Sat, April 13, 11:25am to 12:55pm, Pennsylvania Convention Center, Floor: Level 100, Room 113C

Abstract

In this project, I analyze how I, a historian of African American education, research— undertake rememory of—the education history of my hometown. Simply put, rememory represents one’s recollection of something, often traumatic, they have suppressed. As a scholar, I have worked to relearn and reimagine my hometown’s school desegregation process from a Black perspective. This process has shown me that doing so necessitates examining how “black geographies, and black geographic subjects, can help us to better understand the racialization that has long formed the underpinning for the production of space.” These spaces, my research demonstrates, include those shuttered and forced upon Black Texans in the school desegregation process.

My study illustrates how school desegregation was punctuated by many Black students’ rememory of its implementation. These considerations animate my relationship to home and underscore the complicated sacrifices that accompanied school desegregation for Black stakeholders writ large. My project illuminates Black spatial agency, the consequential ways Black peoples have conceived of and produced space despite a logic deeming them spatially insignificant. I propose that Black geographies offers oral history and the history of education a powerful tool to foreground Black spatial agency in examinations of ordinary Black resistance against institutional white supremacy.

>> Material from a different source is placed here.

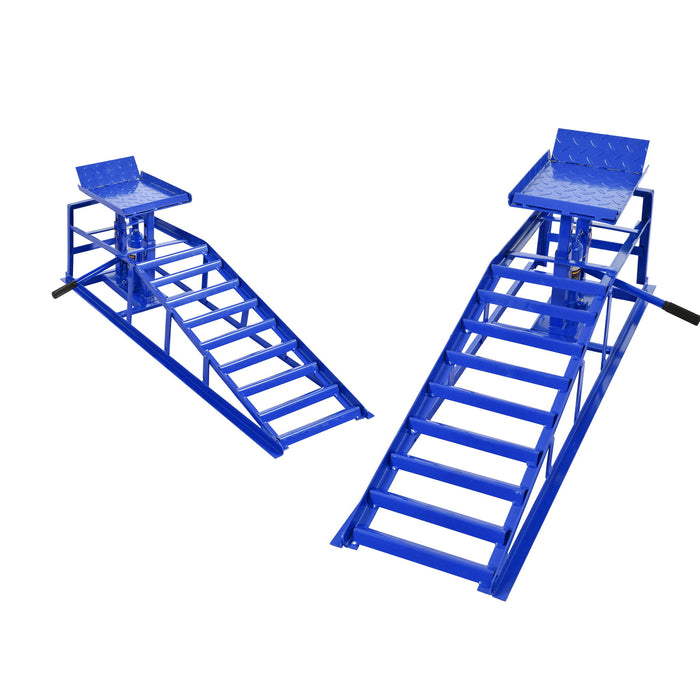 Suxidi - 5 Ton Auto Car Truck Service Ramps Lifts, Hydraulic Automotive Lift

Crucial to the history of African American education, Black oral histories address the “need to critically assess historically present black geographies.” From this view, I elevate the perspectives of Black former students who desegregated via original oral history interviews, which challenge written, often through a white lens, accounts of school desegregation. Thus, I posit that oral history is a powerful methodology that serves the objectives of Black geographies in amplifying the voices of subordinated, marginalized Black Texans, who resisted antiBlack oppression.

Black feminist perspectives of home render it significant to racially marginalized communities, invite authenticity, and emphasize subjectivity. Using this frame, I analyze cases from my research that demonstrate the dynamic considerations researchers studying their home must weigh and write against. Calls to uphold objectivity via the standard Eurocentric knowledge validation process rub against my use of rememory as too personal, traditionally speaking, to generate “valuable” academic insights. Ultimately, I contend that school desegregation was primarily about the contestation of space. In the narratives I share, I discuss what it meant for me to learn of this hometown history as a Black girl student who decades later attended many of the same schools I now study.